There is a growing body of data that confirms that neurogenesis takes place in post-natal and in adult life. The hippocampus is one of the key sites for generation of new neurons after birth. Van Praag [29
] and others demonstrated that newly generated post-natal neurons are integrated into hippocampal circuitry. Gould et al. [30
] reported that hippocampal neurogenesis is enhanced by learning new skills. Collectively these studies provide evidence that post-natal neurogenesis in the hippocampus plays a role in learning and memory. Aylward et al. [31
] reported that there is a reduction in the volume of amygdala and hippocampus in autistic individuals, particularly in relation to total brain volume. They concluded that the histopathology of autism suggests that these volume reductions are related to a reduction in dendritic tree and neuropil development and probably indicate the underdevelopment of the neural connections of limbic structures with other parts of the brain, particularly cerebral cortex.
The subject with autism reported here is hemizygous for genes encoding the neuropeptide Y receptors NPY1R
. Dumont et al. [32
] demonstrated that Neuropeptide Y (NPY) affects cognitive function and learning and memory. Thorsell et al. [33
] reported impaired spatial learning in transgenic rats that over expressed NPY and demonstrated decreased NPY Y1 receptor binding. Michel et al. [34
] reported that in the hippocampus NPY is localized to GABA-ergic interneurons and its activity is mediated through its Y1, Y2 or Y5 receptors. These receptors are coupled to G protein signaling pathways.
Howell and coworkers [35
] demonstrated that NPY has a proliferative effect on hippocampal nestin positive neuronal precursor cells and on hippocampal beta tubulin positive neuroblasts. They carried out studies of the hippocampal cells in NPY Y1 receptor knockout mice. Through studies in these mice and through in vitro
studies in the presence of selective NPY Y1 receptor agonists and antagonists, Howell et al. [35
] demonstrated that the neuroproliferative effect of NPY in the hippocampus is mediated through the neuropeptide Y receptor NPY Y1 (NPY1R
). They postulate that the effect of NPY on learning and memory may be mediated through NPY neurogenesis.

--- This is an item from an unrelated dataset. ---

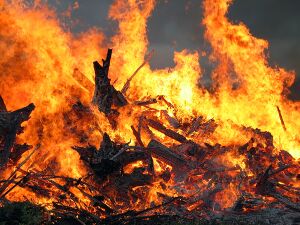 Midsummer bonfire closeup.jpg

The distal breakpoint in our subject interrupts the Glycoprotein M6A gene GPM6A
. The M6A glycoprotein was first identified in mouse brain by antibody binding assays as a factor that affects the growth of neurites in cultured cerebellar neurons [36
]. The human homolog of this gene, GPM6A
maps to chromosome 4q34 in humans and a second family member GPM6B
maps to Xp22.2-p22.4 [37
]. The human homologs of the murine M6A glycoprotein are yet to be studied thoroughly in terms of function and pathology.
Linkage studies on autism families reported by Yonan et al. [38
] and Buxbaum et al. [39
] provide further support for location of an autism-determining gene or genes on chromosome 4q. Yonan et al. reported a linkage peak for autism at 94 centimorgans (cM) on chromosome 4q. Buxbaum et al. reported linkage peaks between 104.9 and 126 cM on 4q. The deletion in our patient lies approximately between 157 to 177 cM.